3 years 5 months and 17 days is the time it took me to find a job as a software developer. Last night when I told my kids, I was struck speechless by the jubilation they expressed. There was a spontaneous double high-five from my son, and a hug with a scream from my daughter. It is not that I have been unemployed this whole time. I was employed with less than the skill set I trained for or experience I gained in the prior 16+ years of working as a software developer, being put to use. During the entire time of job search this was the algorithm I employed: I find a job posting or lead that looks exciting and within my doable reach, I apply for it, I prepare like mad for it, then it may lead to a phone interview, which may lead to onsite interview, I would fail at any point, go into an abyss, kick hard at the bottom of the abyss, throw myself into learning something new or practice old and repeat!

Sometimes the abyss plumbed the depths of dejection. There were times when I was advised that it is no longer a field for an old-coot like me. Why not branch out to a different field? Maybe I should go into teaching. It was not that each of the suggestions were bad. They are completely fulfilling tracks by themselves. There would have been no dishonor for me if I had changed tracks. But my kids were watching me. They are teenagers, at a very impressionable age.
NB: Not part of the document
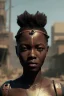 Placeholder: Beautiful portrait of african girl post-apocalypse robots in a cyberpunk city, sci-fi fantasy style, 8k,dark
I once read a study that a child who watches a parent commit suicide has increased chances of taking their own life too. So the reverse would also be true. A child should be more tenacious if they had seen their parent try, try and try again.  Or they could learn to give up early too....but I am hoping for the former when I began my "Ghori-Ghazni Dandyatra". 

"Ghori-Ghazni Dandyatra" is a phrase I have heard it being used in my mother tongue by my elders when they want to describe repeated attempts at trying to succeed in something. Each attempt failed, but yet there is no courage lost. Preparation is made for next attack and launched. The failures hurt like hell, but giving up was not an option. Each time I just had to figure out how to get up back on feet again. 

The exact number of interviews I failed to land a job is irrelevant. But when I saw the jubilation of my kids when I got an offer, that made every despairing moment worth it. In my moments of despair I had poured my heart out in my open letter to my daughter.  But what motivated me to crawl back from that abyss? Here is an incident that happened few years ago when my daughter was 5. 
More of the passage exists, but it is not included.